I'm not surprised - being indoors was absolutely unbearable it was so hot


----------



## thorwold (Dec 19, 2015)

The show is awful. Maybe they'll turn it into something good, and it's too early to judge it, but I have my doubts. I can understand them wanting to build their own guys, but if they have access to people like Smith and Ospreay then why not make more use of them? They're going for old school cheese over doing something exciting and new, and comparing it to some of the stuff the WWE UK guys are doing is never going to end well. I've found myself spending my Sunday's marathoning this show plus the G1, plus NXT, plus Friday Night Arena Mexico the past couple of weeks, and it makes me feel sad for this country.


----------



## zrc (Nov 14, 2011)

Anyone watching in a bit?

Noticed they have a store. And charging £14 for a mug! :lmao


----------



## Pizzamorg (Apr 5, 2016)

I haven't even seen the second episode yet. For those who didn't like the first episode of this season, is this next episode any better?


----------



## zrc (Nov 14, 2011)

Pizzamorg said:


> I haven't even seen the second episode yet. For those who didn't like the first episode of this season, is this next episode any better?

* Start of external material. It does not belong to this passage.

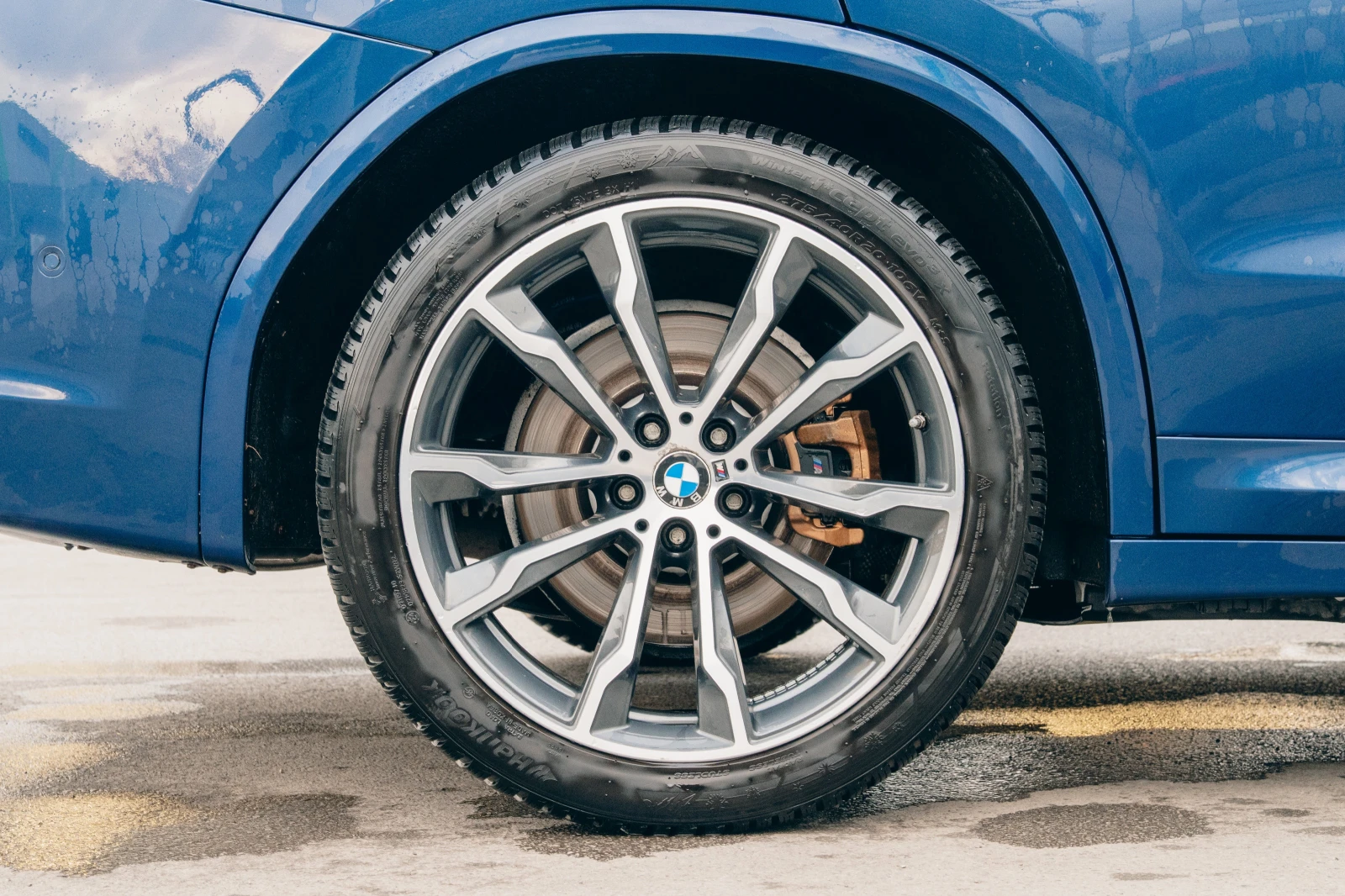 BMW X3 M40i, LED, CarPlay, Harman-Kardon, HUD, ACC, снимка 5 - Автомобили и джипове - 53977239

Women's match was the highlight, if you can watch through the constant camera changes.

Grado vs Samuels just terrible. A shit opener seems to be a common theme. 
Kirby vs Hendry was decent until the end. 
The camera work is still terrible, just doesn't seem as bad as last week.

Tag match wasn't bad, wasn't great either.

Crater lol. 

I can see what they're trying to do with Sysum, but nobody gives a crap. 

Not a bad episode this week, camera work wasn't as bad IMO.


----------



## Lesnar Turtle (Dec 6, 2011)

Probably the best episode so far. I thought the camera work seemed a little less manic too.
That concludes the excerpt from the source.